Conundrum: Failure Opacity

The very nature of the connections via capabilities is that of specific-use security - the messaging layer is abstracted away. This leaves us with challenges when attempting to debug and optimize the architecture and applications.

How should we handle failure (in general) and catastrophic failures (random network partitions and crashes?) Clearly core-dumps, stack-traces, and traditional tools leak out-of-scope information.

1 Like

Your last sentence is clearly true for most system designs, capability oriented or not. Dealing with network failures and vulnerabilities was one of the considerations in the design of Client Utility.

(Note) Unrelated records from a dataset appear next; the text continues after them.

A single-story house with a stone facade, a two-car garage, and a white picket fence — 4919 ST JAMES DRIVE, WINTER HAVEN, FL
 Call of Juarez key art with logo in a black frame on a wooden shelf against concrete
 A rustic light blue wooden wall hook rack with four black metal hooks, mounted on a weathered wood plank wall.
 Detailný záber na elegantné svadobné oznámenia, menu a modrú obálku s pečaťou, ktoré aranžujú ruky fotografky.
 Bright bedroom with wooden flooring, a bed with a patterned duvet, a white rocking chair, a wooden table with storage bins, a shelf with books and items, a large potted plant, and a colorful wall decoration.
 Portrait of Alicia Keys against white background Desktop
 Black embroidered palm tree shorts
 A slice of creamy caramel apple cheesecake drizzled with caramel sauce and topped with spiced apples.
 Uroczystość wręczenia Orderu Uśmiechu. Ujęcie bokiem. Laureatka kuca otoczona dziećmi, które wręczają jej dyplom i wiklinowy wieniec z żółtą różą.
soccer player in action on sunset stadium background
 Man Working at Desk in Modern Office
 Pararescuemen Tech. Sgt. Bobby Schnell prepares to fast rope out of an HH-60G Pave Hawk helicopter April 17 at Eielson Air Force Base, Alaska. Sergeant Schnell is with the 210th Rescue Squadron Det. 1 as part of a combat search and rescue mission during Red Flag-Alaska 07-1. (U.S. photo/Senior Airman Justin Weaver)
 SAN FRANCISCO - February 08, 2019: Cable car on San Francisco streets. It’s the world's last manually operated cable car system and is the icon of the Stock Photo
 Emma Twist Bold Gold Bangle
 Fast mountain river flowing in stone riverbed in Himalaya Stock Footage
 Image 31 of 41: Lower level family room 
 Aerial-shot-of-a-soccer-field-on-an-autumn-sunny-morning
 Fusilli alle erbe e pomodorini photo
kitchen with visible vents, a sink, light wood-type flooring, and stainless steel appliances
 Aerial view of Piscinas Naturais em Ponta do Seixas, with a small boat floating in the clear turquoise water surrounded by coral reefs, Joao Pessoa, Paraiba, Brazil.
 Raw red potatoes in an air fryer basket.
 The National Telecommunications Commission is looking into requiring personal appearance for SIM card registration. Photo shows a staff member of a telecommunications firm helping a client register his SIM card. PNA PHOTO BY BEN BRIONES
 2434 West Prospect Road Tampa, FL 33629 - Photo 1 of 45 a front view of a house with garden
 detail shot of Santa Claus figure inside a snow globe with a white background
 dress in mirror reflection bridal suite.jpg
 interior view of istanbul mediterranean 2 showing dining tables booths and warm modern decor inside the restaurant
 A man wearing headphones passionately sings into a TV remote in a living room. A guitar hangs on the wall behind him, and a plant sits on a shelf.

In the CU design, all network communication was handled by ordinary processes, each with its own clist. The only special privilege it had was the ability to talk on some communication channel. The main reason for this choice was security. The damage an attacker could do by completely taking over the process was limited to what the clist authorized.

While debugging did leak out of scope information, that leak was limited. In particular, debugging gave you no privileges that the process did not already have. You could still do things that the application designer may not have wanted done, but the overall system was protected. Of course, you were still dependent on the OS and network drivers, but I think that problem is inescapable.

1 Like

Alan, could you supply any public links to CU’s design documentation/whitepapers/etc?

The overview document has more detail than you would ever care to learn. I’ve listed some of the key points below. There’s also a demo that runs on this architecture. (The movable desktop is an independent piece.) The prototype was written in 1996-7, which was before enterprises supported open source.

The top of page 27 (28 in your PDF reader) shows the basic request flow within a “logical machine.” An application selects an entry from its clist (Name Space) as the target of a request, sends it to the runtime (Core). The Core looks up the destination (Handler) in the Repository and forwards the request. The request can specify other clist entries, which will be delegated to the handler.

The picture at the top of page 92 (93 in your PDF reader) shows the essence of the multi-machine interaction. A unique(?) feature of CU is that the Core doesn’t know about any other machines, only the handler does. The result is that you can add a new communication protocol simply by deploying an application that supports it.

Section 9.2, starting on page 96, describes failure handling.

CU has some interesting features, a few of which are actually good :grinning:.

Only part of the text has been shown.